» **ABOUT THIS EXERCISE**: From the line that contains "Floral gold frame" down to the last line of the entries, repeat every line exactly. Do not carry over the pictures.

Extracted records
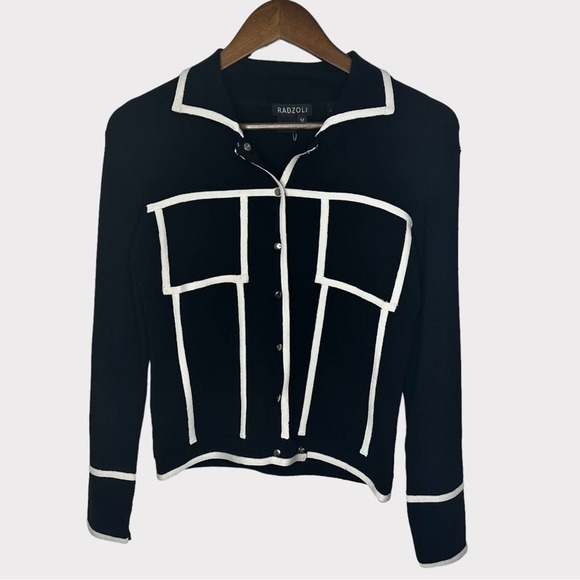 Radzoli Sweaters - Radzoli Black and White Colorblock Knit Cardigan Sweater Medium New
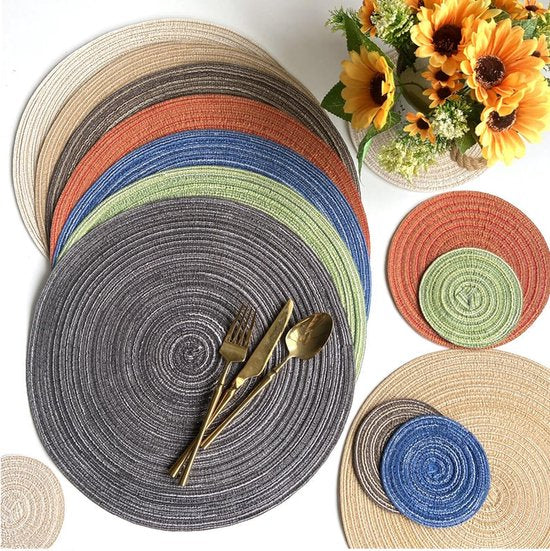 Placemats, wasbare placemats, ook als onderzetters, koffiemat, ronde antislip placemats, eettafel, Europese stijl, natuurlijk materiaal, tafelmat van handgeweven stof (beige-30cm-6st)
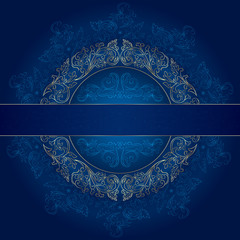 Floral gold frame with vintage patterns on blue background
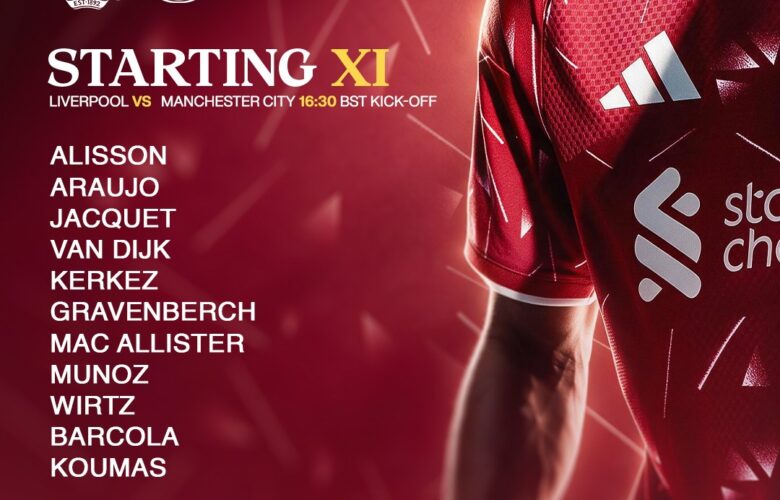 Liverpool starting XI and substitutes against Manchester City at Anfield, with Lewis Koumas leading the attack.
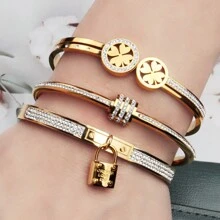 3 件套镀金珠宝礼物全水钻镶嵌腰带罗马风格 18K 金不锈钢手链女士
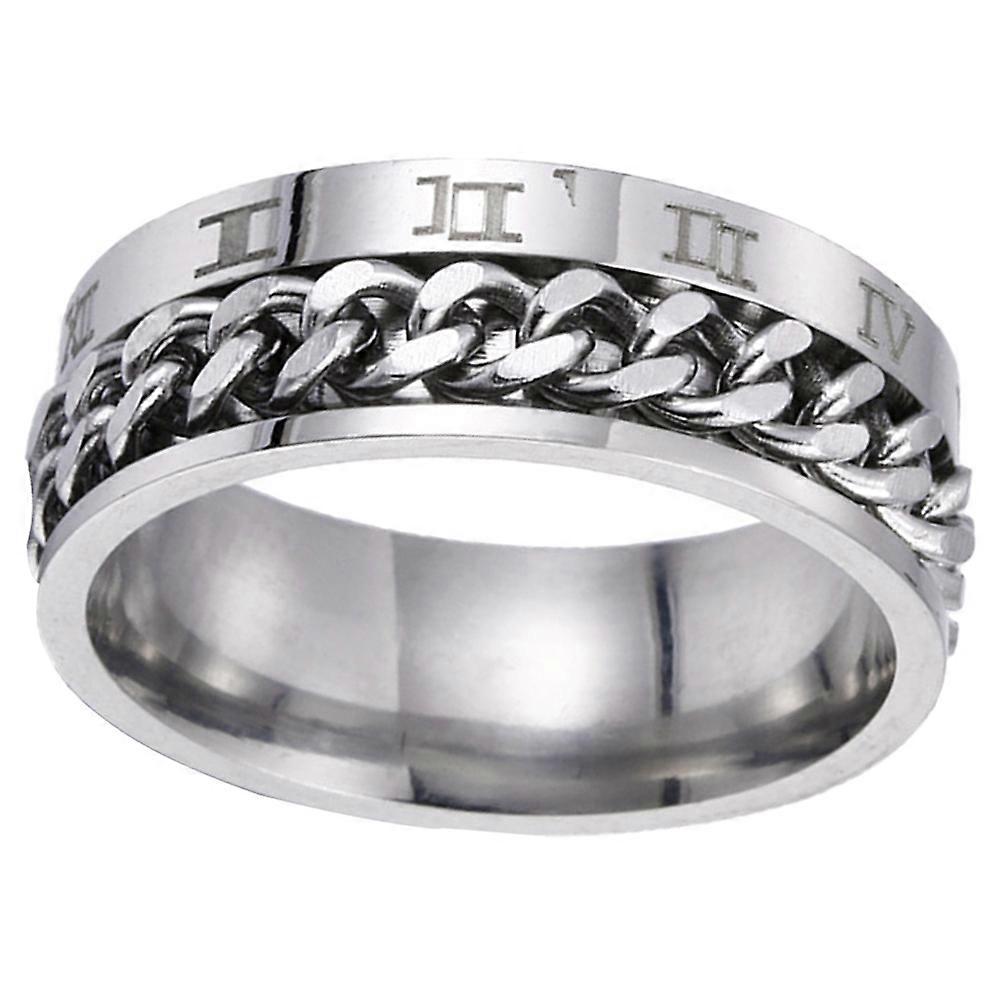 Decorative Titanium Steel Ring Roman Numerals Ring Unisex 1Pcs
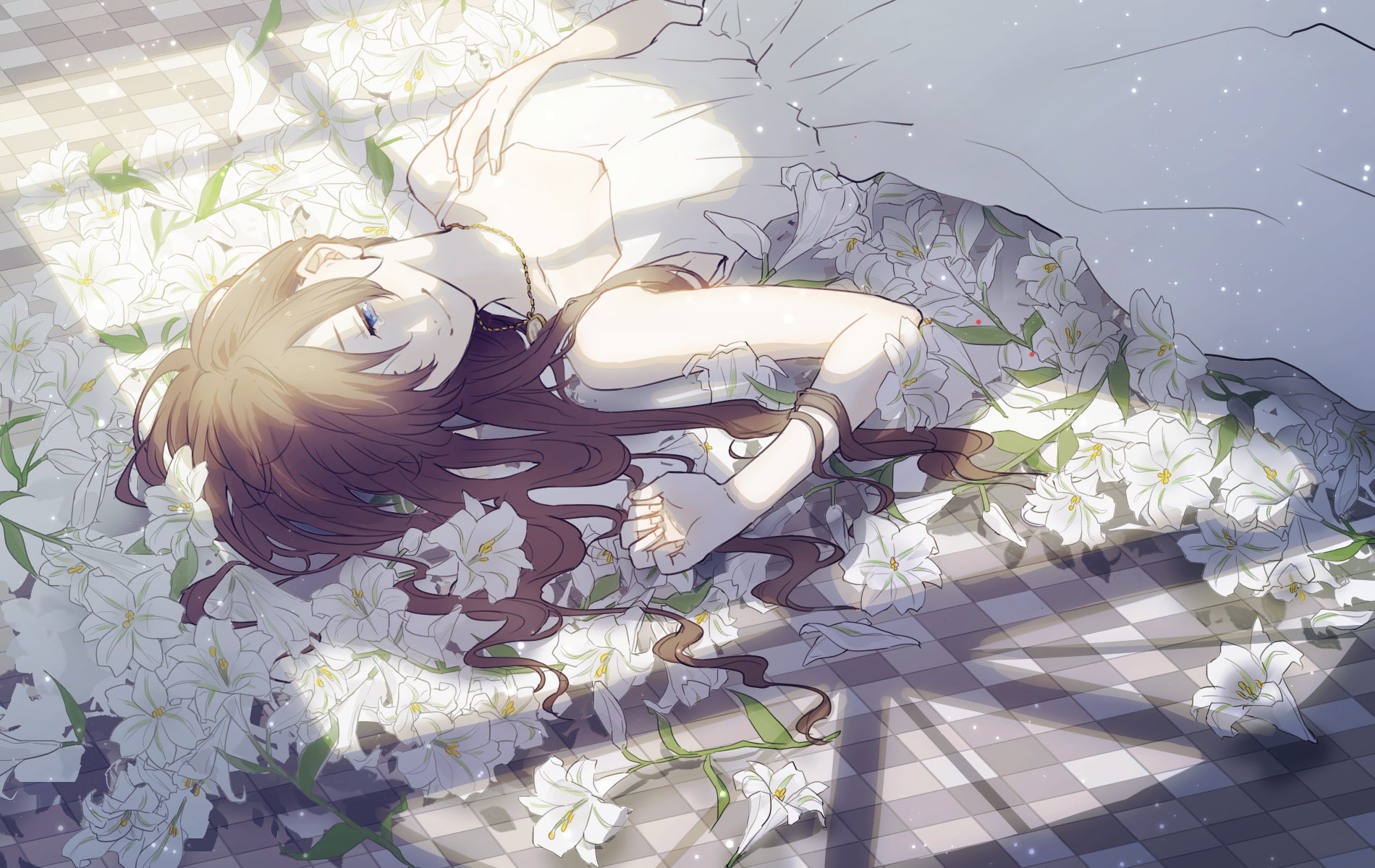 Anime girl lying in white lilies HD Wallpaper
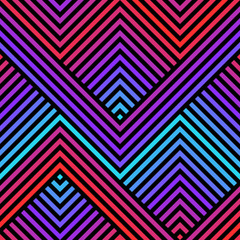 Wall Mural - Vector geometric seamless pattern with zigzag lines, stripes, chevron, halftone effect. Abstract sport style graphic texture. Trendy background in 1990s style. Neon gradient, vibrant red, purple, cyan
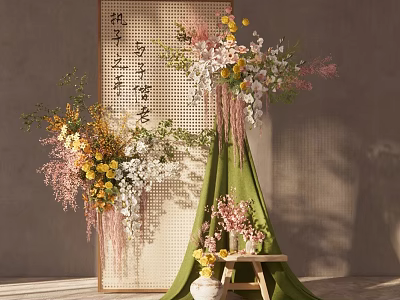 Floral Installation Featuring Pink Yellow White Blossoms Green Drapery Woven Screen And Calligraphy 3d model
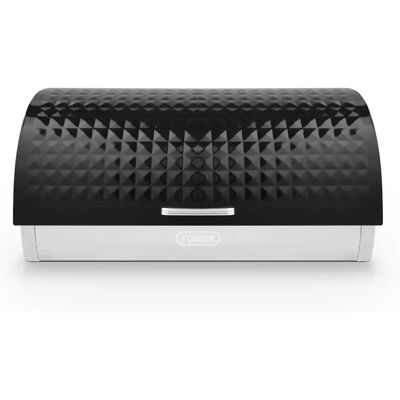 Tower Stainless Steel Black Bread Bin - Large Storage Tower Stainless Steel Black Bread Bin - Large Storage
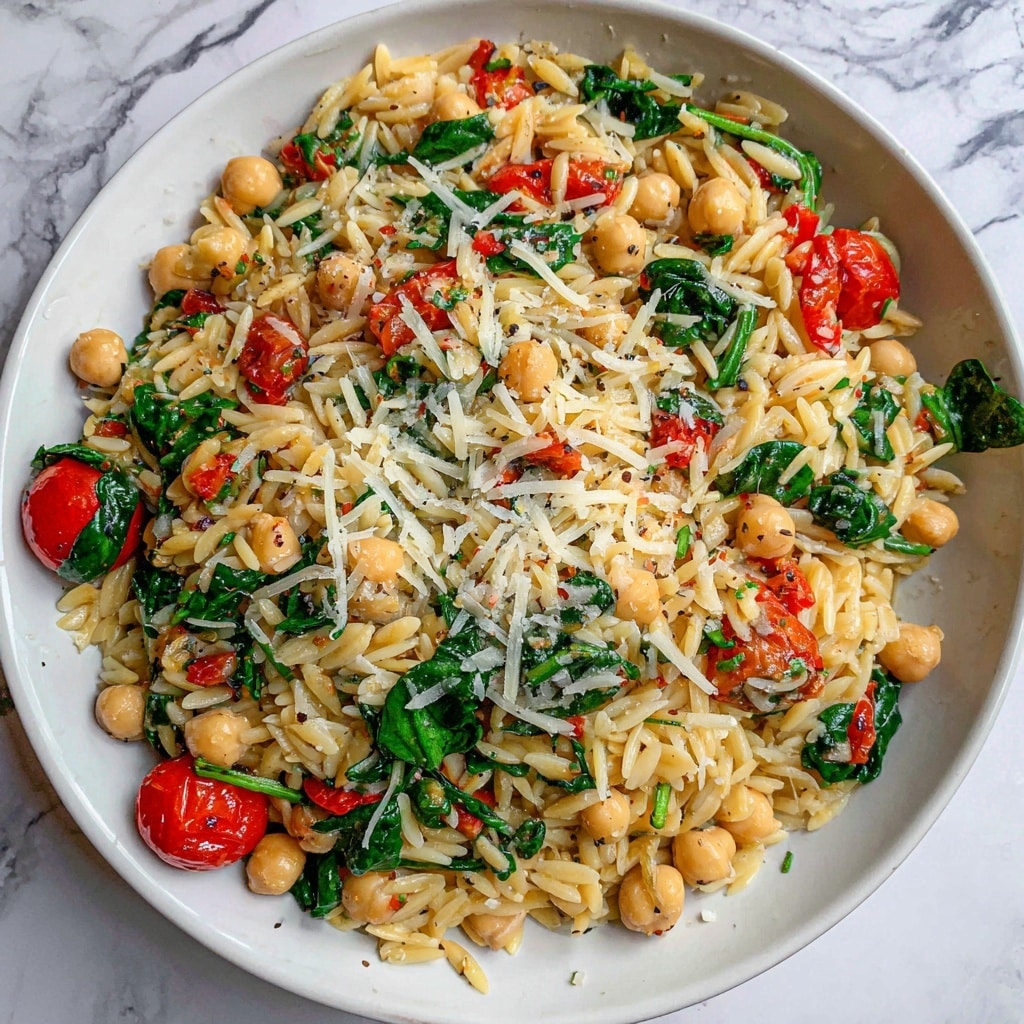 Creamy Tuscan Chickpeas & Orzo Recipe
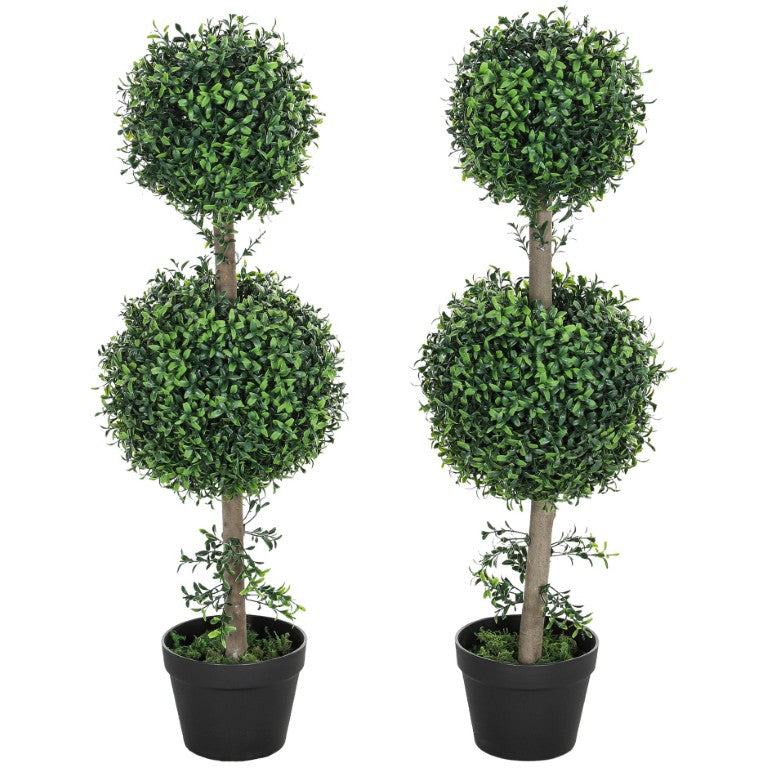 English Elm Homcom Faux Boxwood Topiary Ball Trees Set of 2 UV Protected Patio Entryway Decor W2225P597184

» **EXERCISE ANSWER**:
 Floral gold frame with vintage patterns on blue background
 Liverpool starting XI and substitutes against Manchester City at Anfield, with Lewis Koumas leading the attack.
 3 件套镀金珠宝礼物全水钻镶嵌腰带罗马风格 18K 金不锈钢手链女士
 Decorative Titanium Steel Ring Roman Numerals Ring Unisex 1Pcs
 Anime girl lying in white lilies HD Wallpaper
 Wall Mural - Vector geometric seamless pattern with zigzag lines, stripes, chevron, halftone effect. Abstract sport style graphic texture. Trendy background in 1990s style. Neon gradient, vibrant red, purple, cyan
 Floral Installation Featuring Pink Yellow White Blossoms Green Drapery Woven Screen And Calligraphy 3d model
 Tower Stainless Steel Black Bread Bin - Large Storage Tower Stainless Steel Black Bread Bin - Large Storage
 Creamy Tuscan Chickpeas & Orzo Recipe
 English Elm Homcom Faux Boxwood Topiary Ball Trees Set of 2 UV Protected Patio Entryway Decor W2225P597184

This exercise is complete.